==== Data listing ====

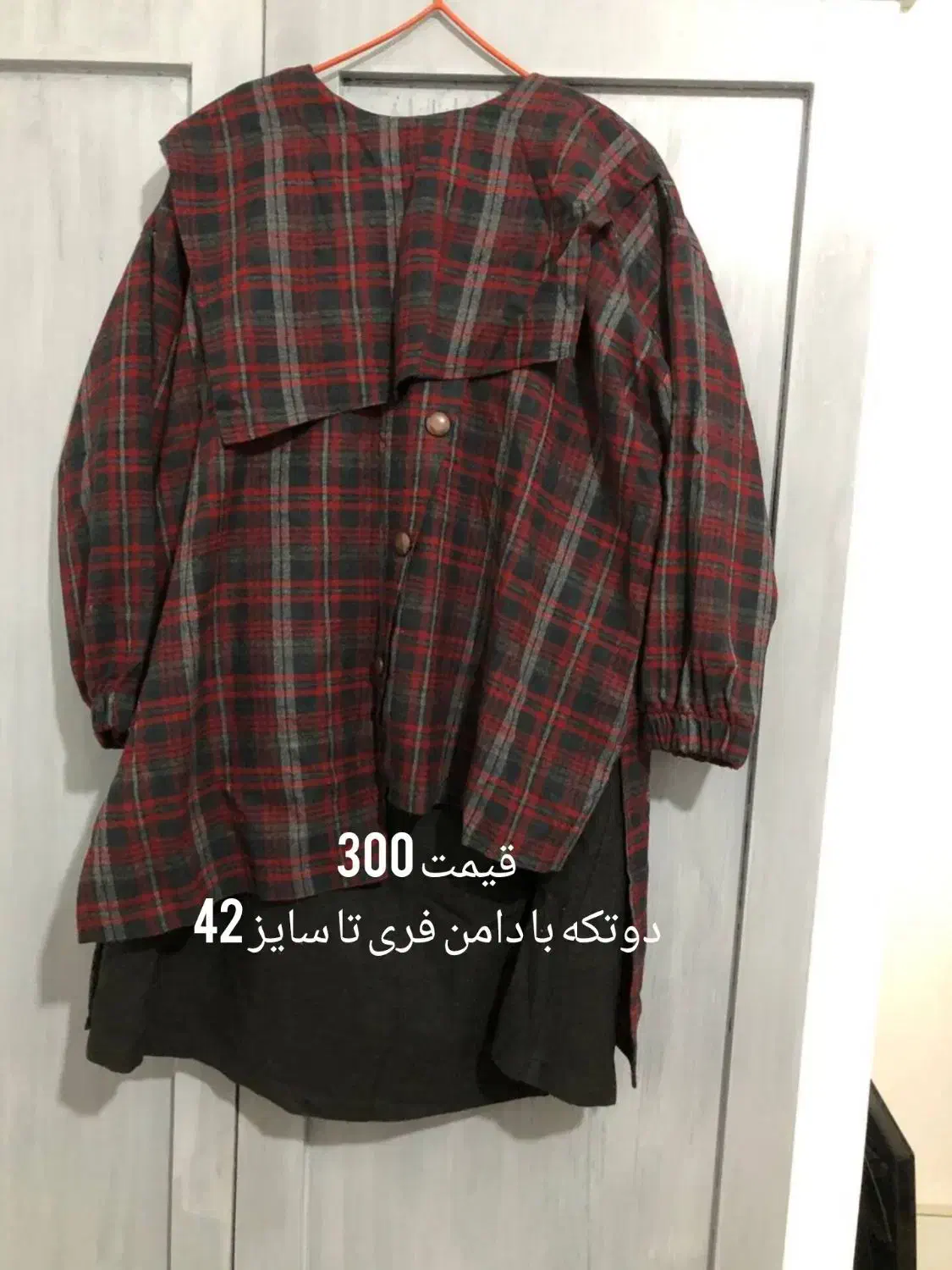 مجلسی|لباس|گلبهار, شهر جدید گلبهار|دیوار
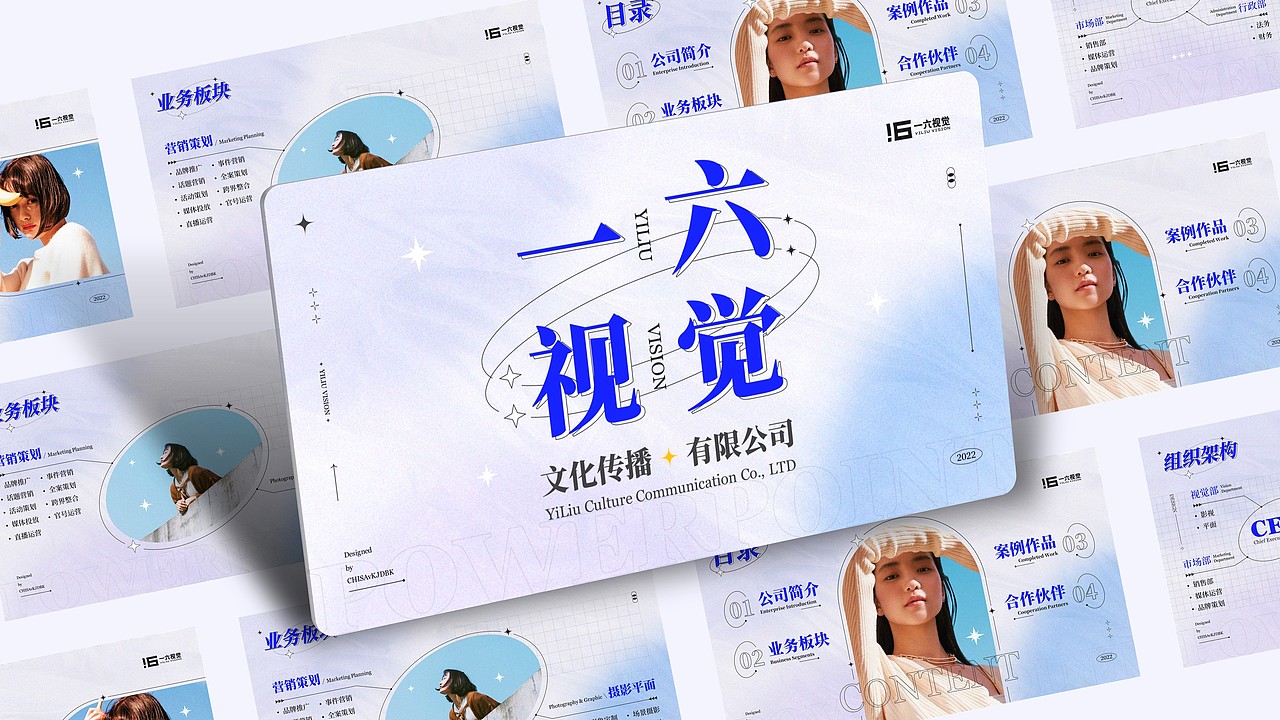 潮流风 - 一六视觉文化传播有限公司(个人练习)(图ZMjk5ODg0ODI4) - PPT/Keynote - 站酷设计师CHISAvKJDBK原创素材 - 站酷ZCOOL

====
==== Data listing ====

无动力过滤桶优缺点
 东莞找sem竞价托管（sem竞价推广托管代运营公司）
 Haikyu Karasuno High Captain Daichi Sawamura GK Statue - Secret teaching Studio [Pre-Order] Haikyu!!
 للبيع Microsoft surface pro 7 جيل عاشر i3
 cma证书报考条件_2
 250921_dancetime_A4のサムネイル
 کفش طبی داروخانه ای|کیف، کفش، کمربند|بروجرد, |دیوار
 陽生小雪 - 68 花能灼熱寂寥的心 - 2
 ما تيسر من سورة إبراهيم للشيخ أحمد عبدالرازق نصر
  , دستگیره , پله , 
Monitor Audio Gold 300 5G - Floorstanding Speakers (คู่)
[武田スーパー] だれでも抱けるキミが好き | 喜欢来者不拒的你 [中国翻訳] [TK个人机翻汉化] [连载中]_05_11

====

Task requirements:
Print, word for word, the lines above that run from the line containing "مجلسی|لباس|گلبهار, شهر جدید گلبهار|دیوار" to the line containing "潮流风 - 一六视觉文化传播有限公司(个人练习)(图ZMjk5ODg0ODI4)", both included. Keep the pictures out.

Exercise solution:
 مجلسی|لباس|گلبهار, شهر جدید گلبهار|دیوار
 潮流风 - 一六视觉文化传播有限公司(个人练习)(图ZMjk5ODg0ODI4) - PPT/Keynote - 站酷设计师CHISAvKJDBK原创素材 - 站酷ZCOOL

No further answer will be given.